What you need to do
Return, without pictures, the lines from the start of the data through the one that contains "Kids Whale Print".

Short web captions
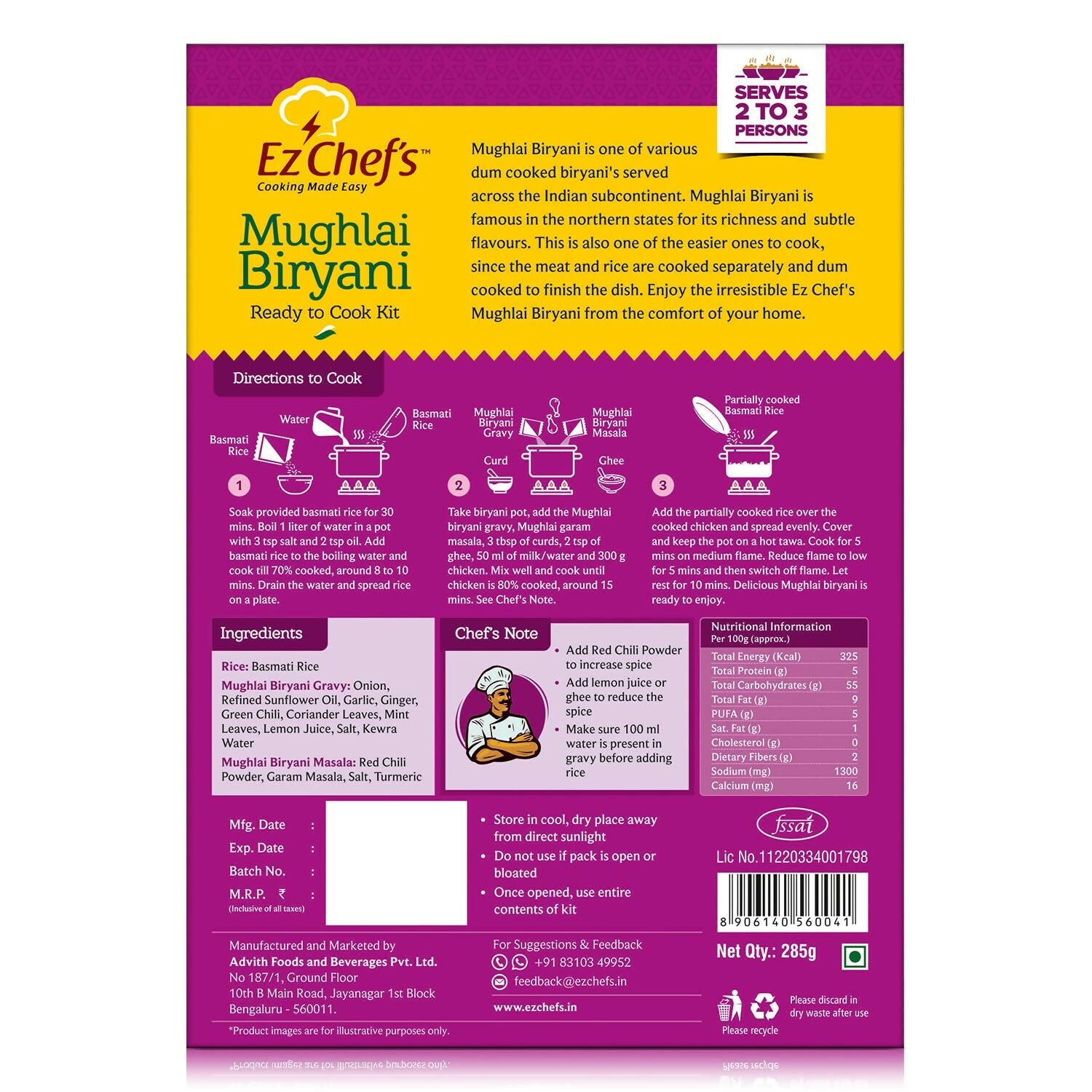 Ez Chef's Mughlai Biryani Kit - Lucknow's Famous Biryani - Grab2buy
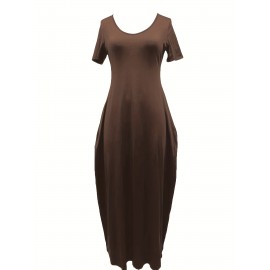 Elegant & Versatile Maxi Dress - Short Sleeve, Pockets, Mid-Elasticity for Women, Ideal for Spring to Fall
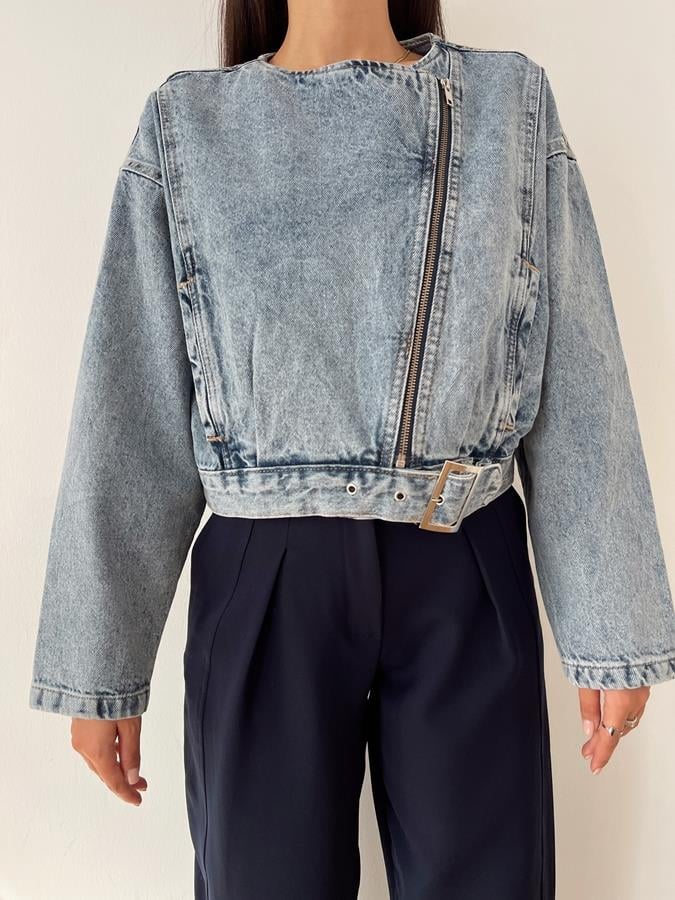 Sıfır Yaka Motorcu Mont MAVİ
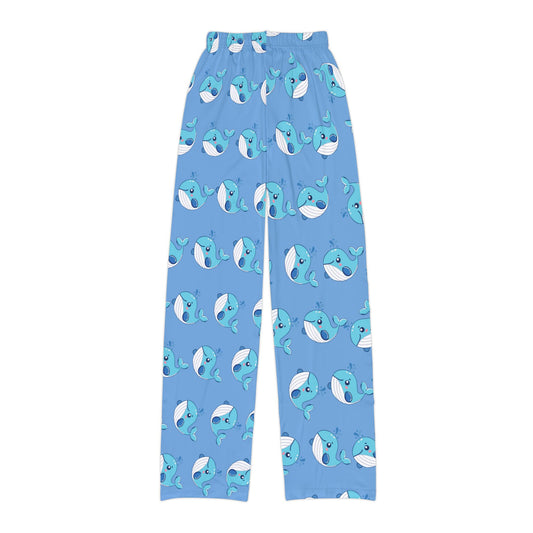 Kids Whale Print Lounge Pants — Cute Blue All-Over-Print Pajama Bottoms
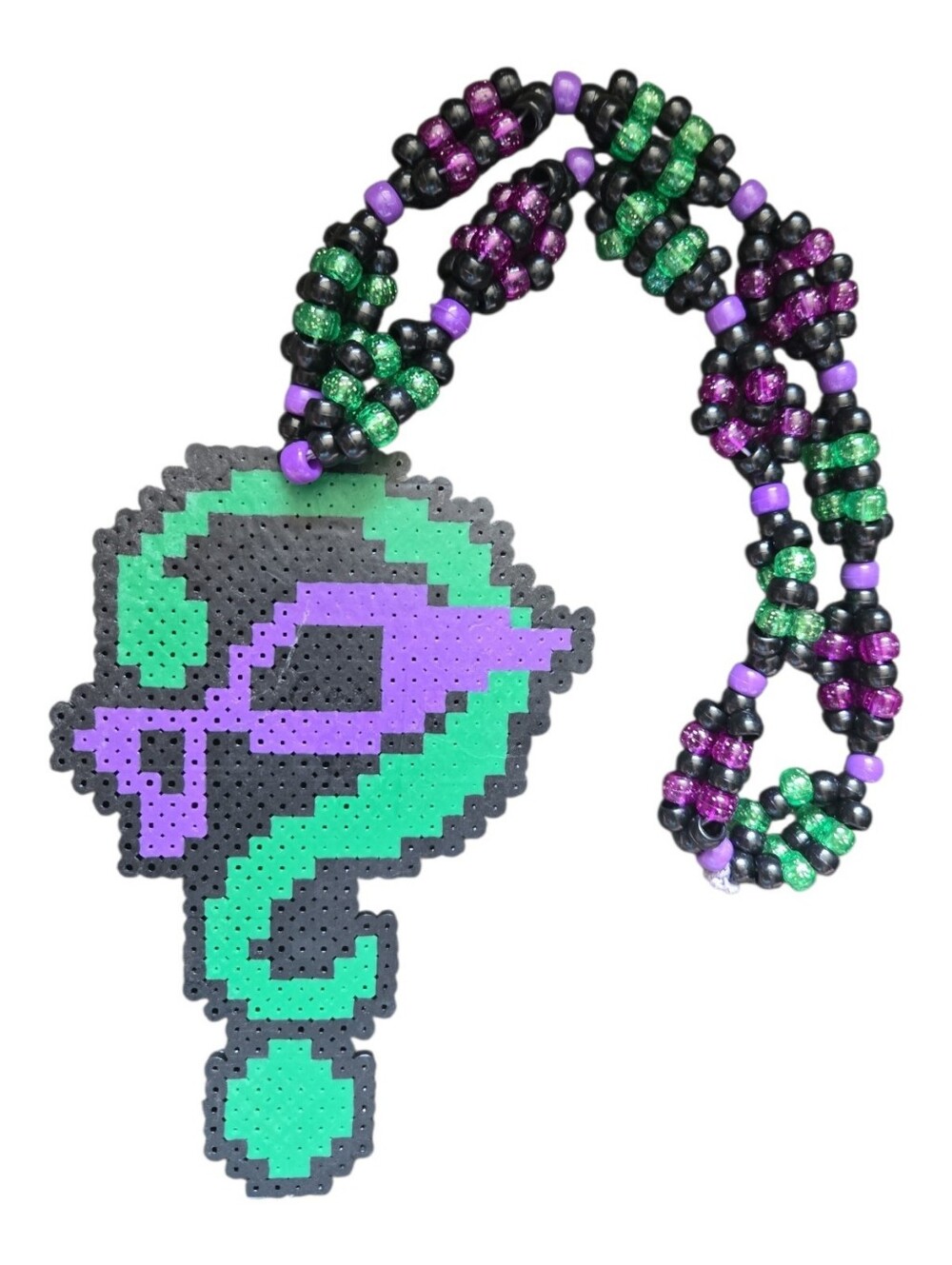 RIDDLER Theme Perler Pony Bead Necklace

Response below
 Ez Chef's Mughlai Biryani Kit - Lucknow's Famous Biryani - Grab2buy
 Elegant & Versatile Maxi Dress - Short Sleeve, Pockets, Mid-Elasticity for Women, Ideal for Spring to Fall
 Sıfır Yaka Motorcu Mont MAVİ
 Kids Whale Print Lounge Pants — Cute Blue All-Over-Print Pajama Bottoms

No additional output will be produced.